[[ Source material open ]]
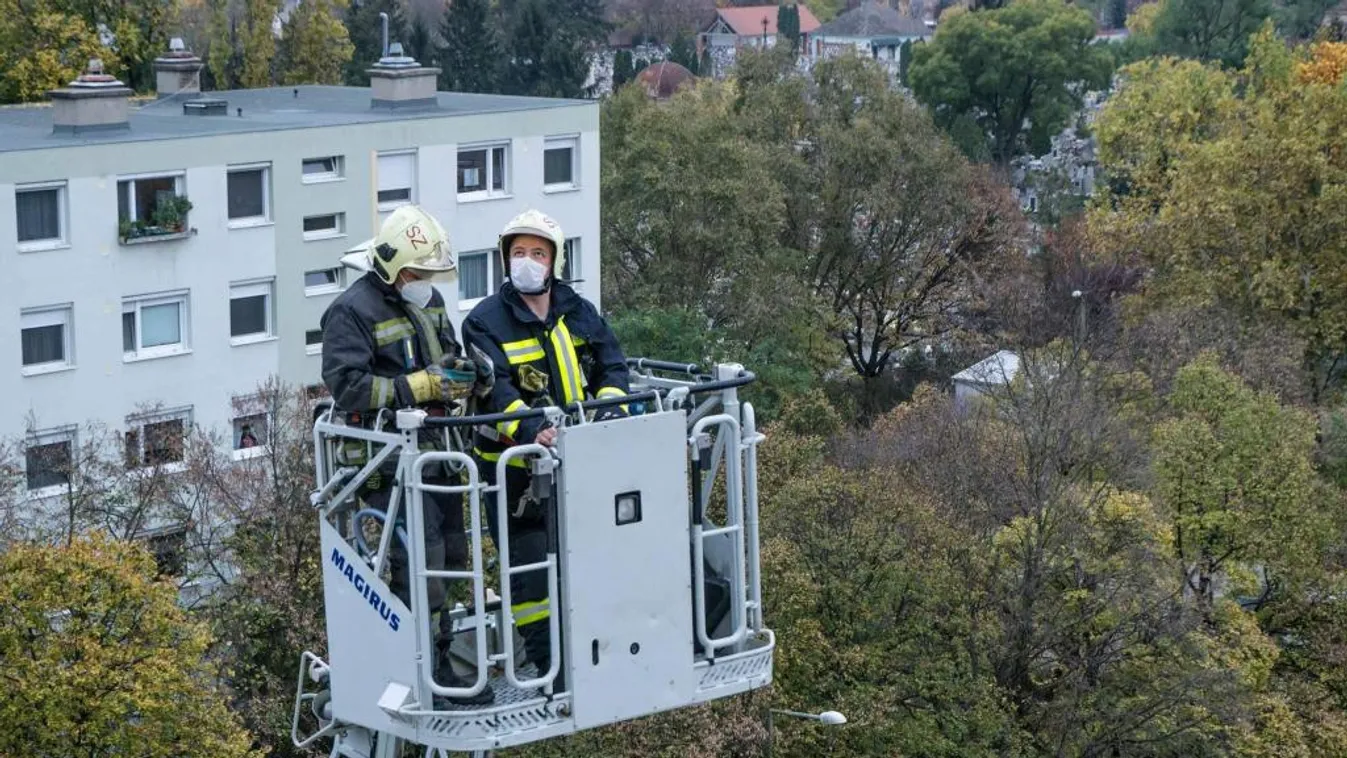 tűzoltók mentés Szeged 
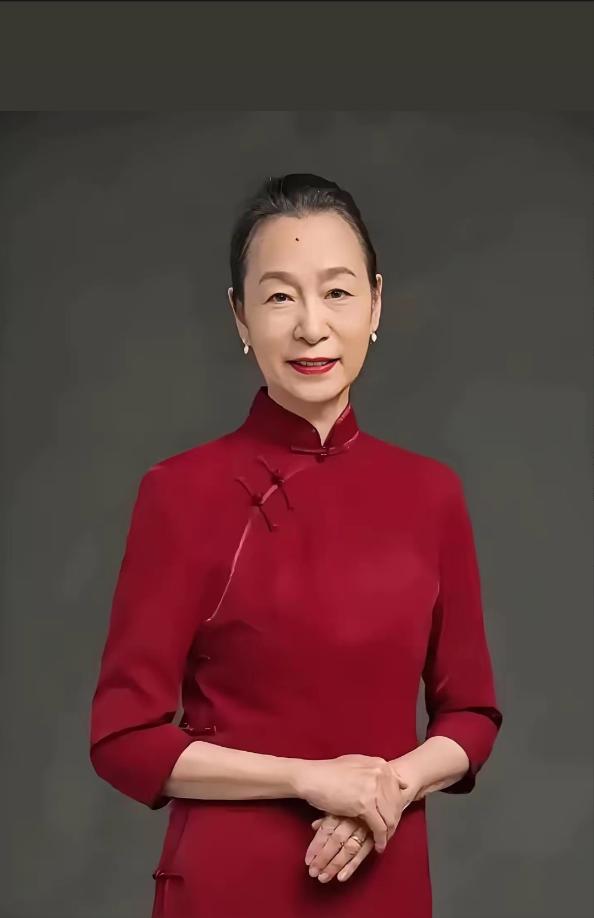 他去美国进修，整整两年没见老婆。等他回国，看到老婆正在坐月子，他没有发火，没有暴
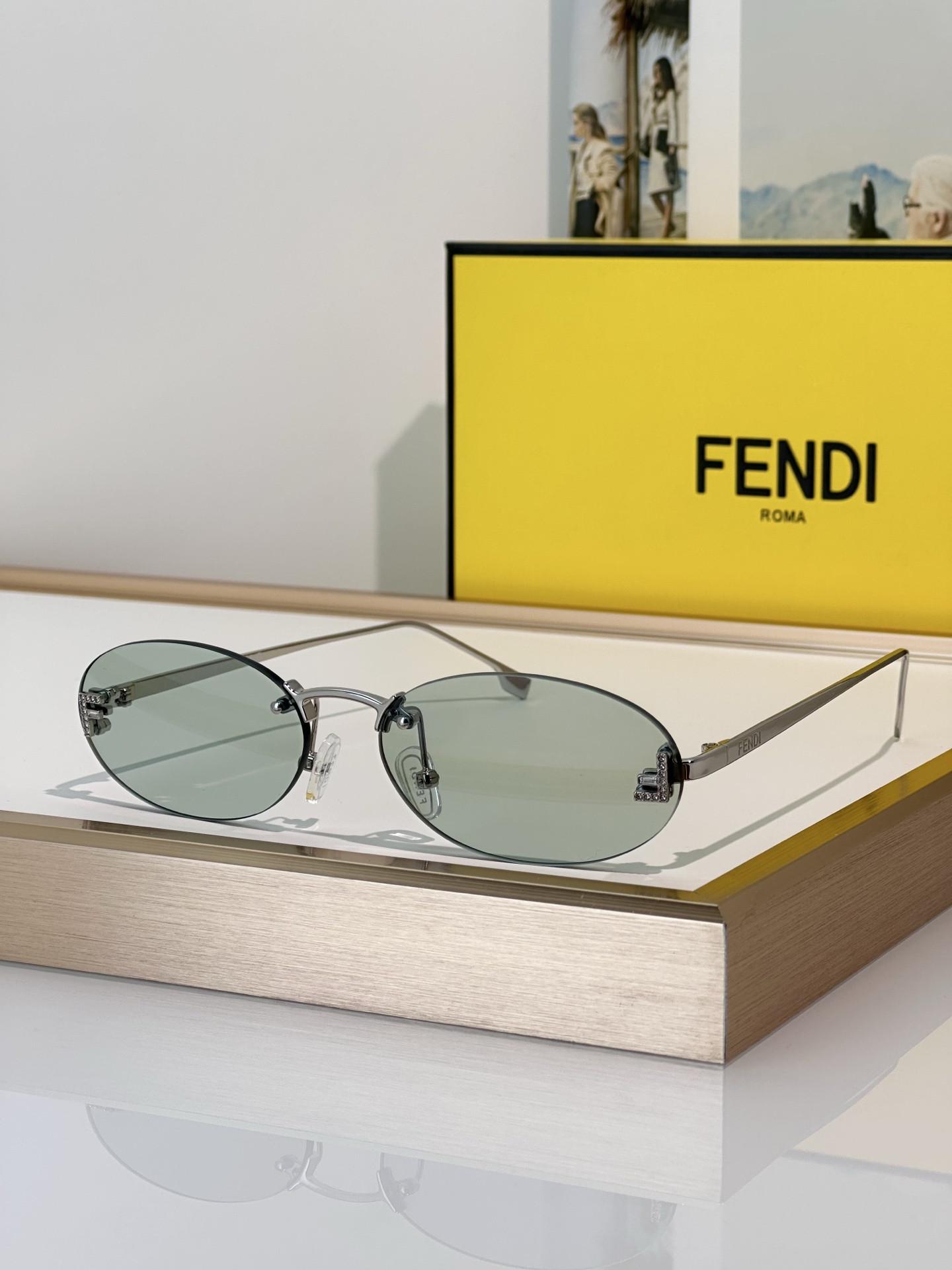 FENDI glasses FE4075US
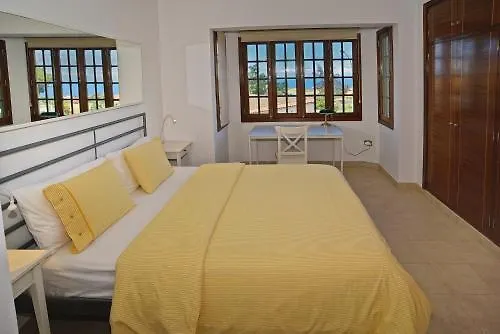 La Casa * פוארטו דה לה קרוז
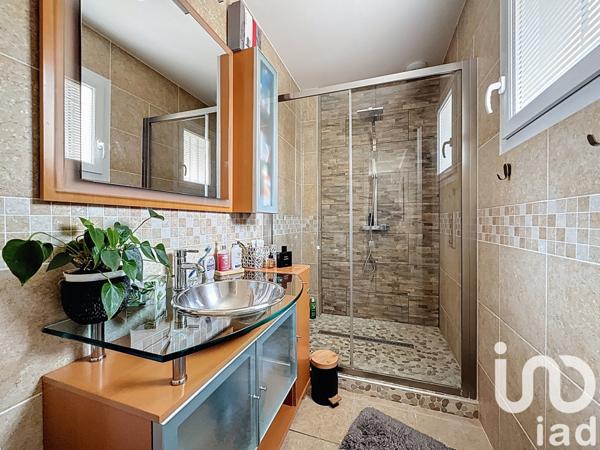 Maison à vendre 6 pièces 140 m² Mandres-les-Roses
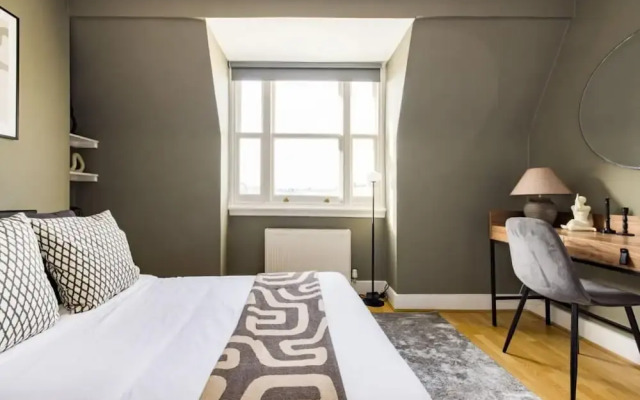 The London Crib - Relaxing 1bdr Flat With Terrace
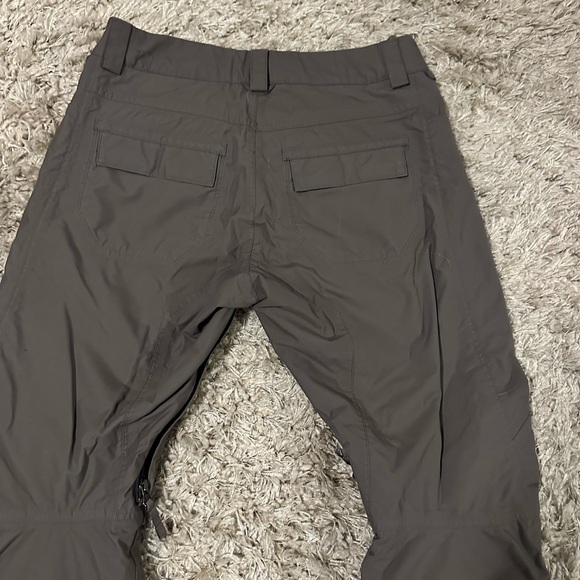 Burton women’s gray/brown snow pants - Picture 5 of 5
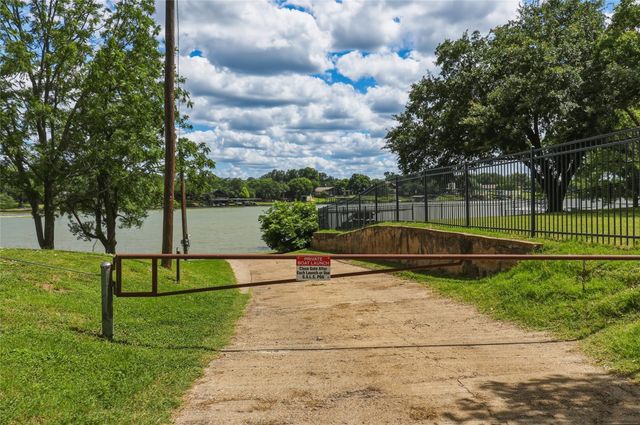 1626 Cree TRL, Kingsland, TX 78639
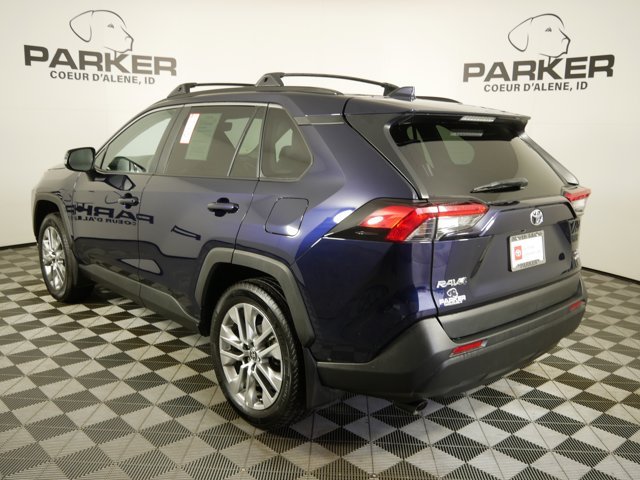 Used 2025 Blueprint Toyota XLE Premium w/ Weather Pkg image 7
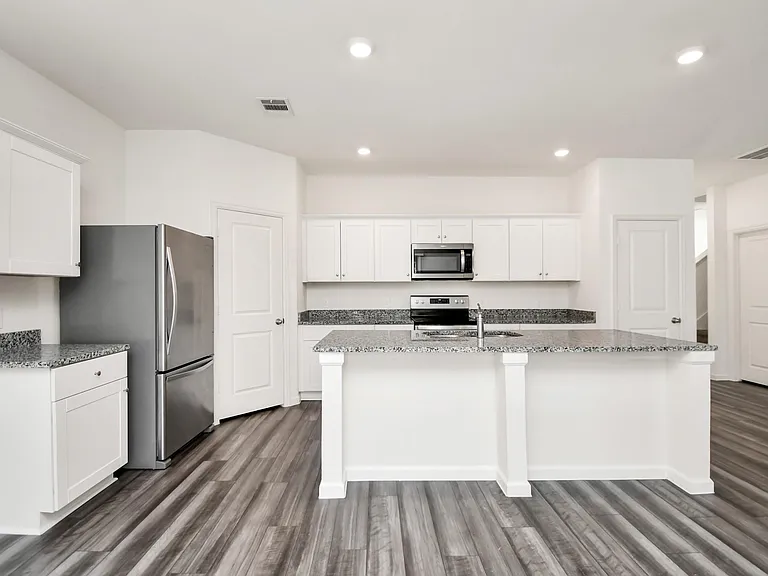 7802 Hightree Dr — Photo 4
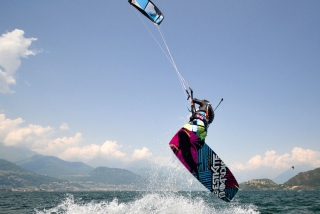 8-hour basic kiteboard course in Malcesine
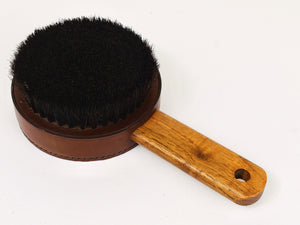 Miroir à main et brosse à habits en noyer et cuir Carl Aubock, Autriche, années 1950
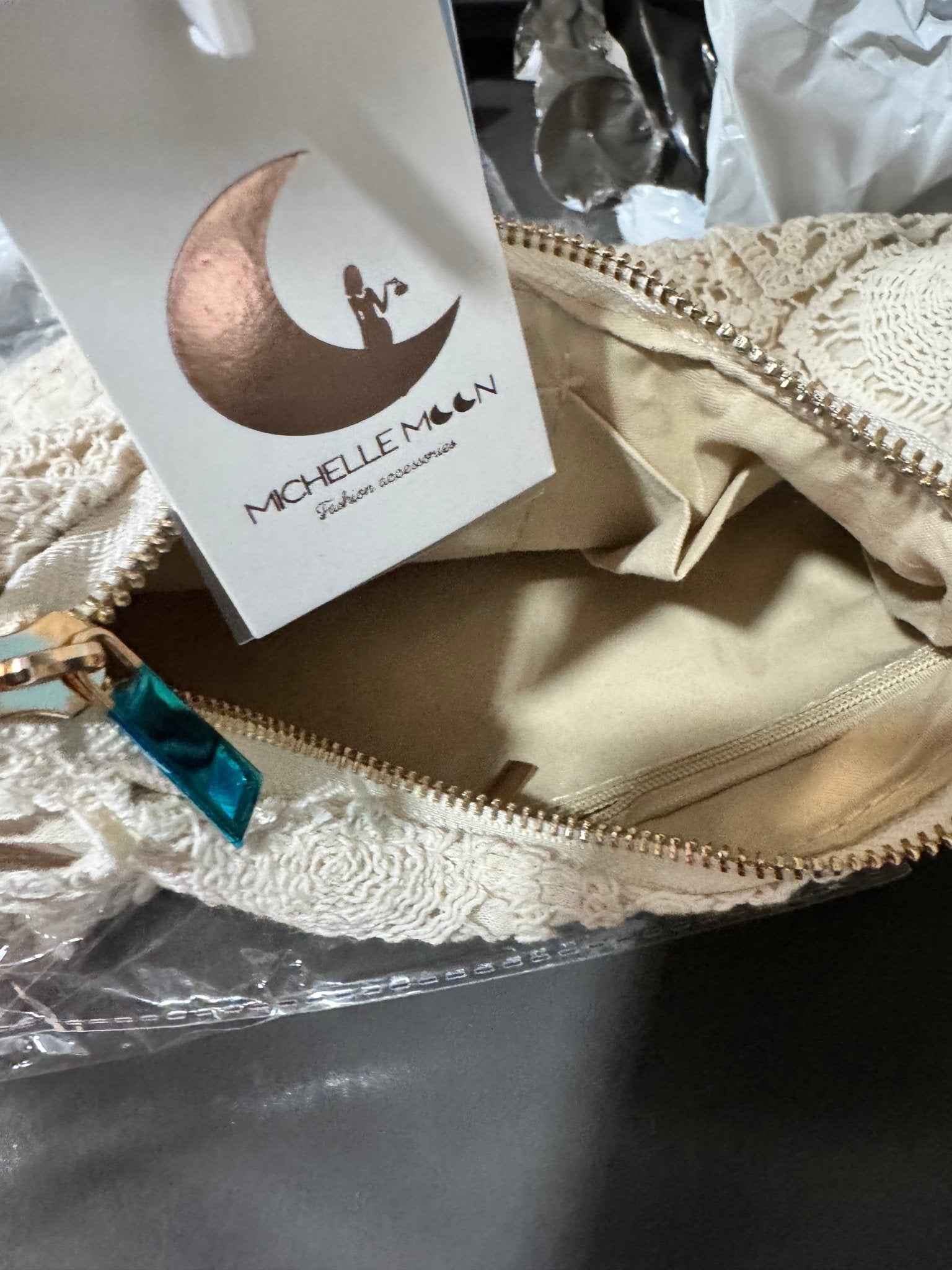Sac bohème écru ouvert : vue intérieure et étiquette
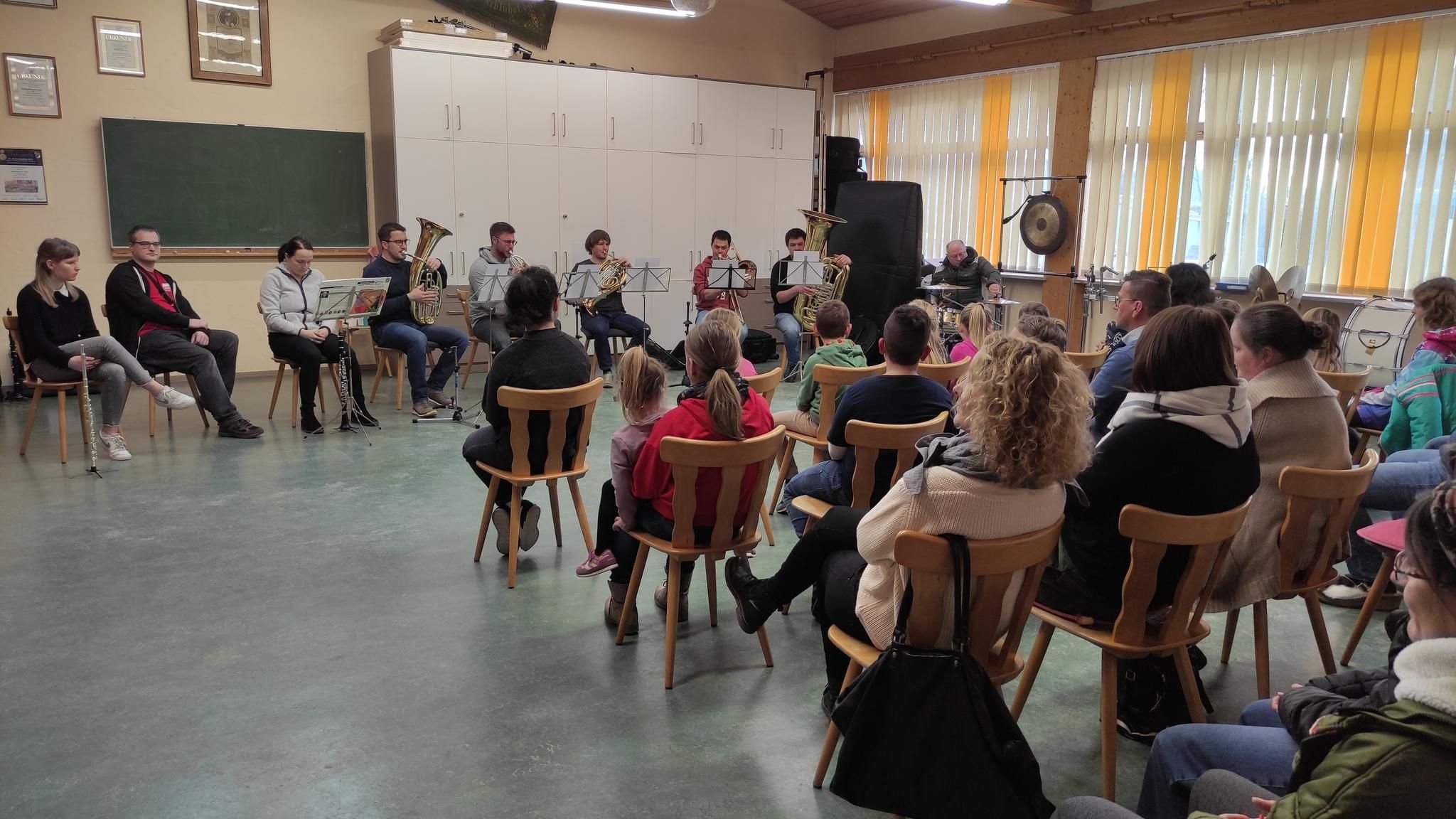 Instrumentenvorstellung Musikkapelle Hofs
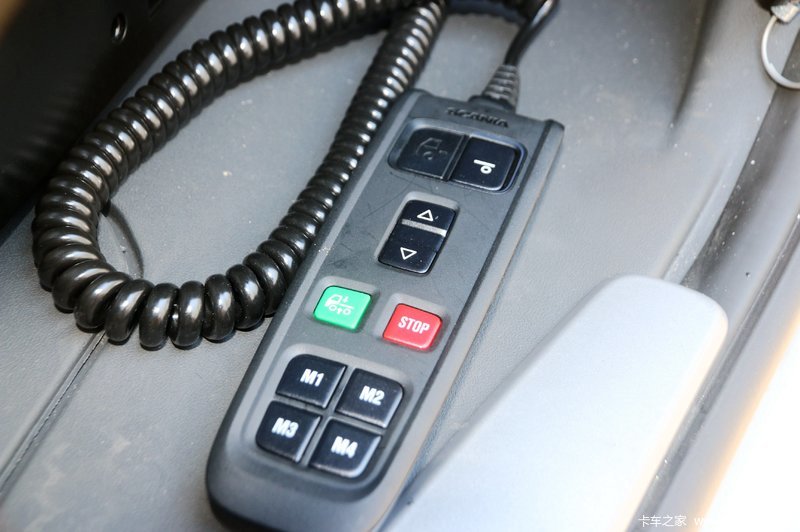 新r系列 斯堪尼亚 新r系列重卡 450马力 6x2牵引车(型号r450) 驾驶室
[[ Source material closed ]]
● **What the exercise asks**
Within the material above, only the stretch from the line holding "他去美国进修，整整两年没见老" through the line holding "7802 Hightree Dr — Photo 4" is to be restated exactly. Pictures are dropped.

● **Task result**
 他去美国进修，整整两年没见老婆。等他回国，看到老婆正在坐月子，他没有发火，没有暴
 FENDI glasses FE4075US
 La Casa * פוארטו דה לה קרוז
 Maison à vendre 6 pièces 140 m² Mandres-les-Roses
 The London Crib - Relaxing 1bdr Flat With Terrace
 Burton women’s gray/brown snow pants - Picture 5 of 5
 1626 Cree TRL, Kingsland, TX 78639
 Used 2025 Blueprint Toyota XLE Premium w/ Weather Pkg image 7
 7802 Hightree Dr — Photo 4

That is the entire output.